== Work item ==
Please set down the data word for word; images do not go in the copy.

== Input data ==
···
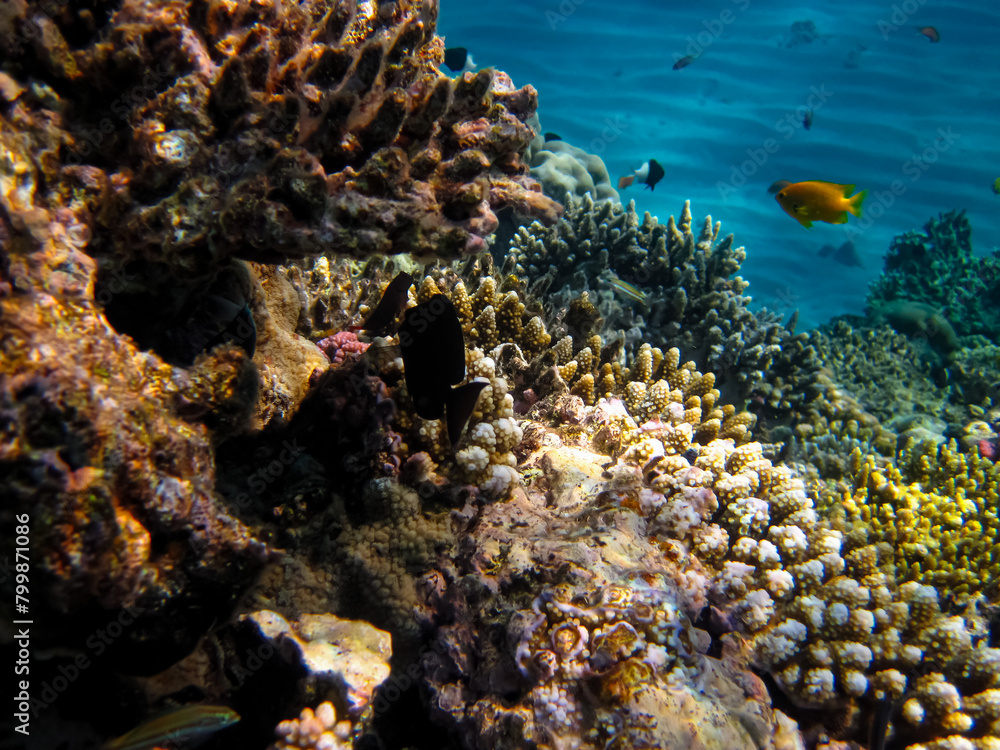 Obraz premium Beautiful coral reef with its inhabitants in the Red Sea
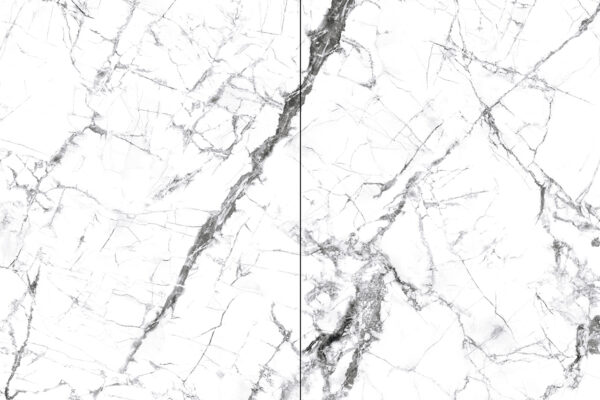 INVISIBLE WHITE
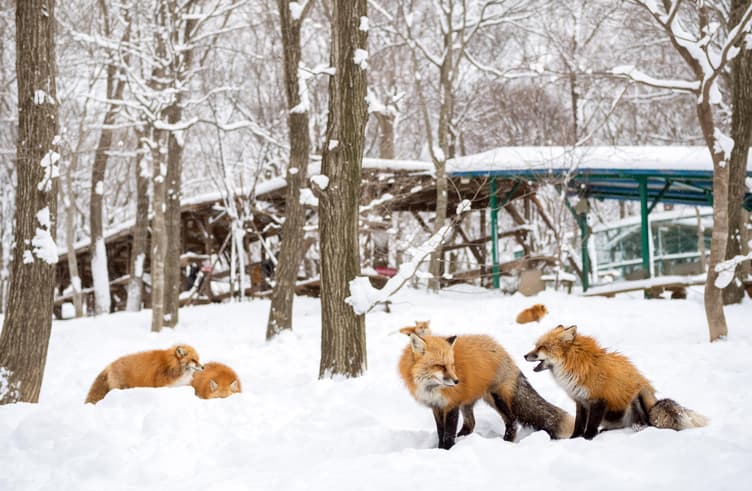 หมู่บ้านสุนัขจิ้งจอกซาโอะ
···
== Solution to this problem ==
 Obraz premium Beautiful coral reef with its inhabitants in the Red Sea
 INVISIBLE WHITE
 หมู่บ้านสุนัขจิ้งจอกซาโอะ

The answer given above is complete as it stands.